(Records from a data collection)
★ ★ ★ ★
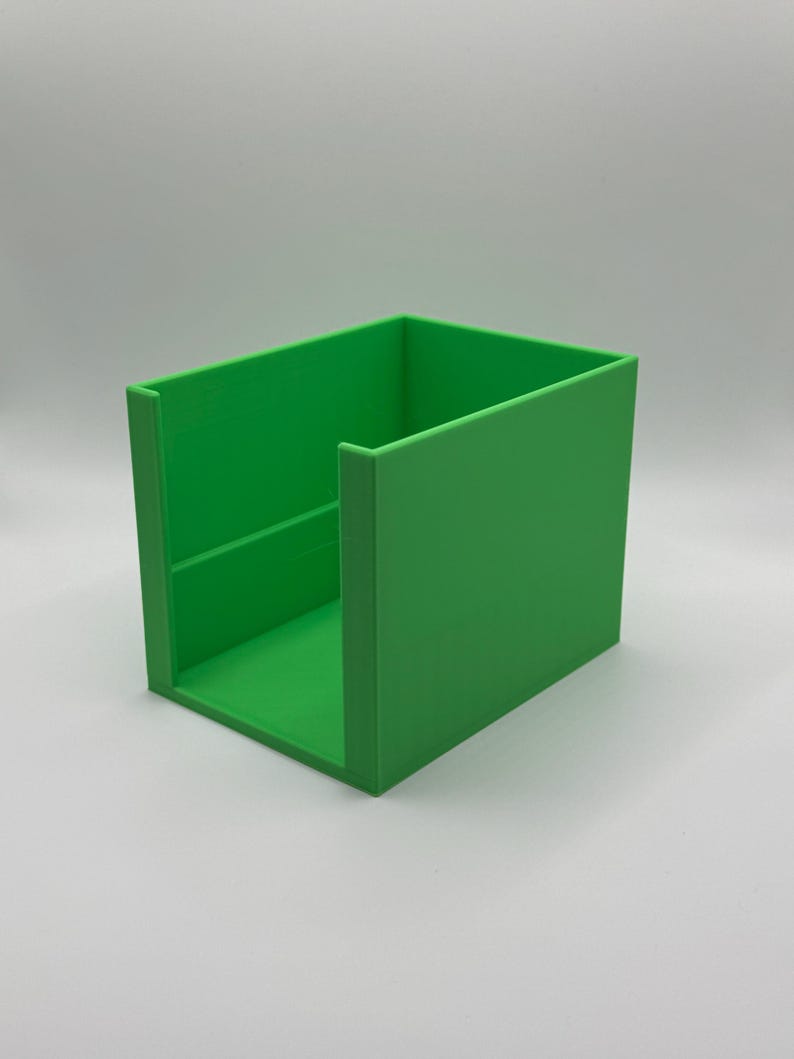 May include: A bright green, rectangular storage container with a simple, open design. The container is made of a solid material and has a smooth, matte finish. The sides are straight and the corners are sharp.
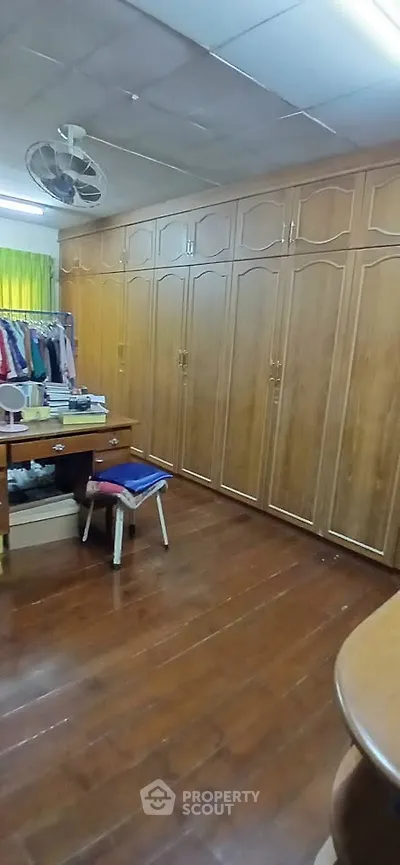 Spacious walk-in closet with wooden cabinetry and ample storage space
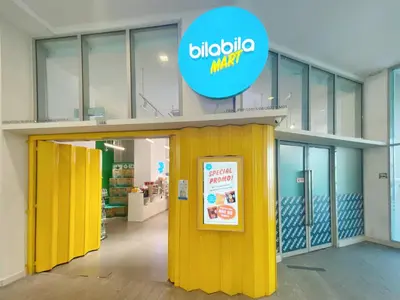 a store with yellow doors and a sign on it at Awesomestay Hostel near KLCC , walk to PWTC PUTRA in Kuala Lumpur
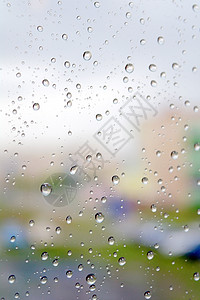 超慢运动中的雨滴秋天下雨 窗子上下水滴驾驶灰色绿色建筑物薄雾蓝色时间玻璃天气天空背景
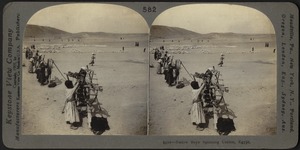 Native boys spinning cotton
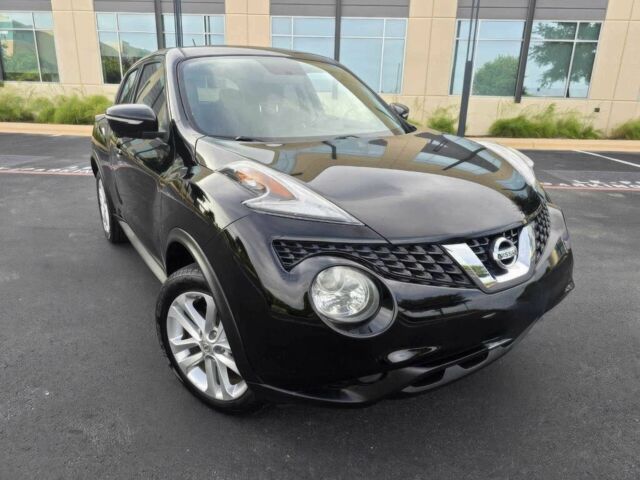 Черный Ниссан Жук, объемом двигателя 1.6 л и пробегом 75 тыс. км за 3900 $, фото 1 на Automoto.ua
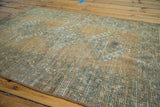 Distressed Afghan rug pile, highlighting faded copper, teal, and ivory patterns.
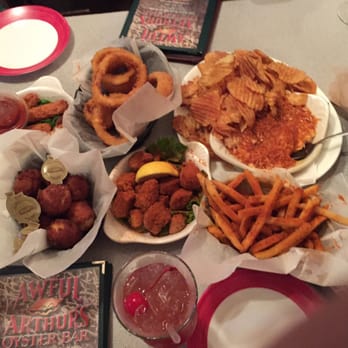 Awful Arthur's Oyster Bar - The apps: cajun fries, awesome crab dip, bad barracuda bites, onion rings, basket of pups, mozz sticks - Seafood Near Me - Kill Devil Hills, North Carolina Awful Arthur's Oyster Bar - The apps: cajun fries, awesome crab dip, bad barracuda bites, onion rings, basket of pups, mozz sticks - Seafood Near Me - Kill Devil Hills, North Carolina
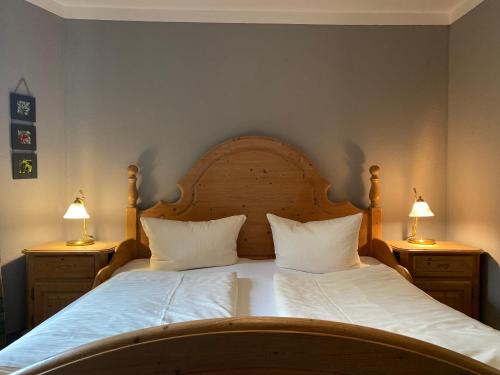 a bedroom with a bed with two lamps on two tables at Haus Alpendomizil - Sommer-Bergbahnen kostenlos in Bolsterlang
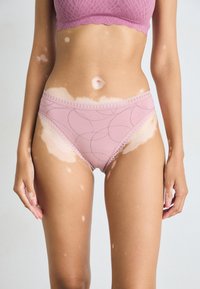Pink panties with a geometric pattern and lace trim. Made from soft fabric, offering full coverage and a smooth fit.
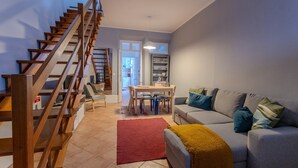 A modern living room with a wooden staircase, a grey sofa, a dining table with chairs, and a kitchen area in the background. - GuestReady - Casa Irmãs (Ponta Delgada)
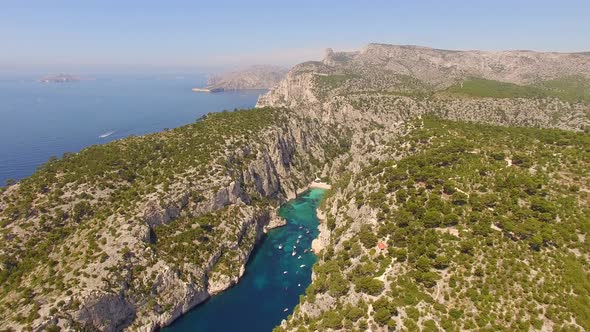 Aerial travel drone view of clear green water, cliffs of Cassis, Mediterranean Sea, Southern France.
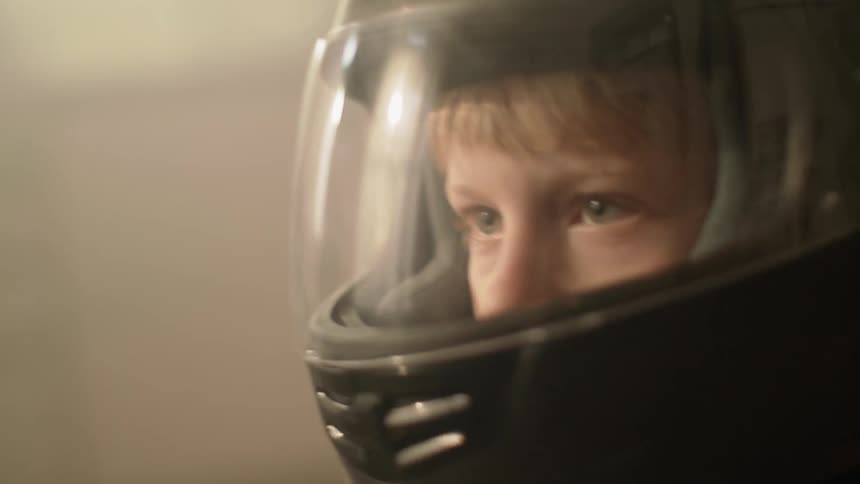 A young boy pretends to drive while wearing a helmet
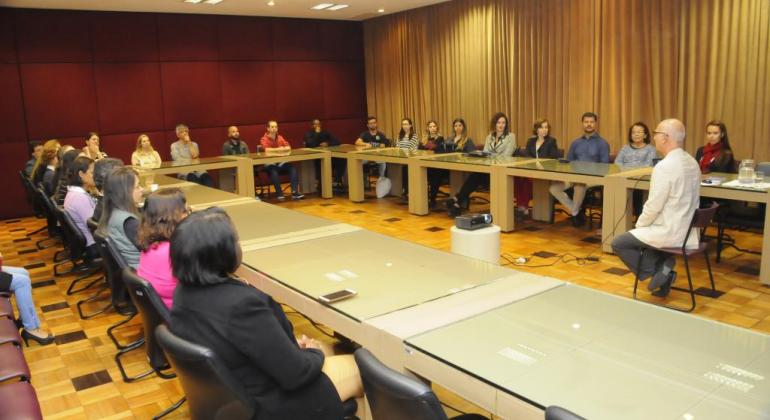Júlio Machado, consultor de desenvolvimento humano, sentado em uma cadeira, defronte a uma mesa em formato de "u" com cerca de 18 ouvintes. 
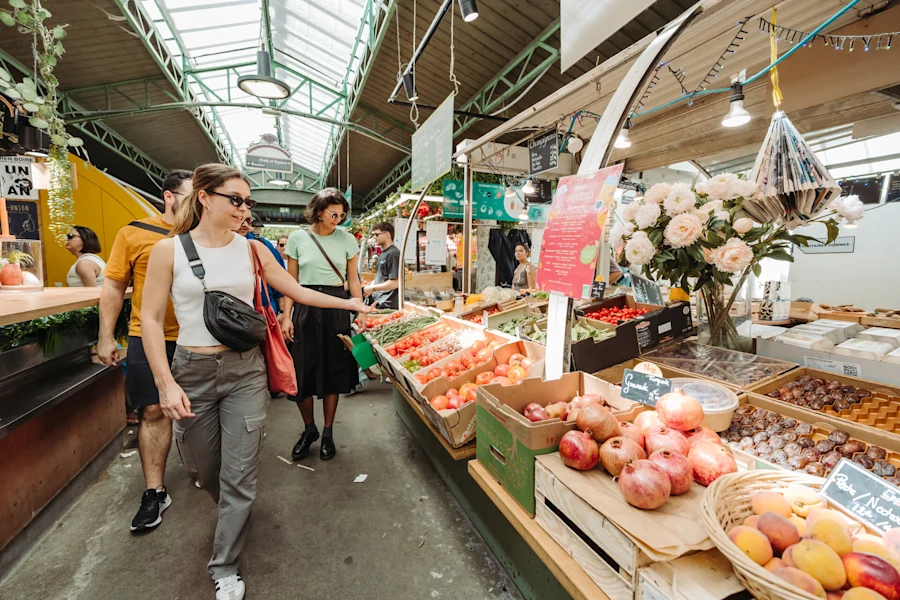 Shoppers browse colorful fruit and vegetable stalls under a bright, industrial ceiling at a Paris market; a woman points at tomatoes.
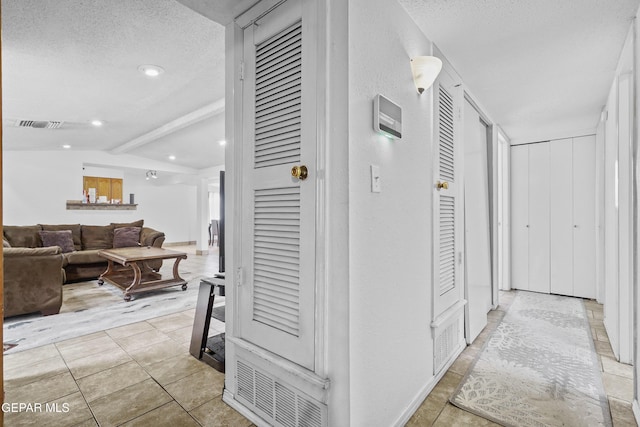 10106 Mercedes St, El Paso, TX 79924 - hallway featuring a textured ceiling, recessed lighting, and tile patterned flooring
★ ★ ★ ★
■ TO DO ■
All of the lines above must be printed again exactly, and no picture may appear in the copy.

■ RESULT OF THE TASK ■
 May include: A bright green, rectangular storage container with a simple, open design. The container is made of a solid material and has a smooth, matte finish. The sides are straight and the corners are sharp.
 Spacious walk-in closet with wooden cabinetry and ample storage space
 a store with yellow doors and a sign on it at Awesomestay Hostel near KLCC , walk to PWTC PUTRA in Kuala Lumpur
 超慢运动中的雨滴秋天下雨 窗子上下水滴驾驶灰色绿色建筑物薄雾蓝色时间玻璃天气天空背景
 Native boys spinning cotton
 Черный Ниссан Жук, объемом двигателя 1.6 л и пробегом 75 тыс. км за 3900 $, фото 1 на Automoto.ua
 Distressed Afghan rug pile, highlighting faded copper, teal, and ivory patterns.
 Awful Arthur's Oyster Bar - The apps: cajun fries, awesome crab dip, bad barracuda bites, onion rings, basket of pups, mozz sticks - Seafood Near Me - Kill Devil Hills, North Carolina Awful Arthur's Oyster Bar - The apps: cajun fries, awesome crab dip, bad barracuda bites, onion rings, basket of pups, mozz sticks - Seafood Near Me - Kill Devil Hills, North Carolina
 a bedroom with a bed with two lamps on two tables at Haus Alpendomizil - Sommer-Bergbahnen kostenlos in Bolsterlang
Pink panties with a geometric pattern and lace trim. Made from soft fabric, offering full coverage and a smooth fit.
 A modern living room with a wooden staircase, a grey sofa, a dining table with chairs, and a kitchen area in the background. - GuestReady - Casa Irmãs (Ponta Delgada)
 Aerial travel drone view of clear green water, cliffs of Cassis, Mediterranean Sea, Southern France.
 A young boy pretends to drive while wearing a helmet
Júlio Machado, consultor de desenvolvimento humano, sentado em uma cadeira, defronte a uma mesa em formato de "u" com cerca de 18 ouvintes. 
 Shoppers browse colorful fruit and vegetable stalls under a bright, industrial ceiling at a Paris market; a woman points at tomatoes.
 10106 Mercedes St, El Paso, TX 79924 - hallway featuring a textured ceiling, recessed lighting, and tile patterned flooring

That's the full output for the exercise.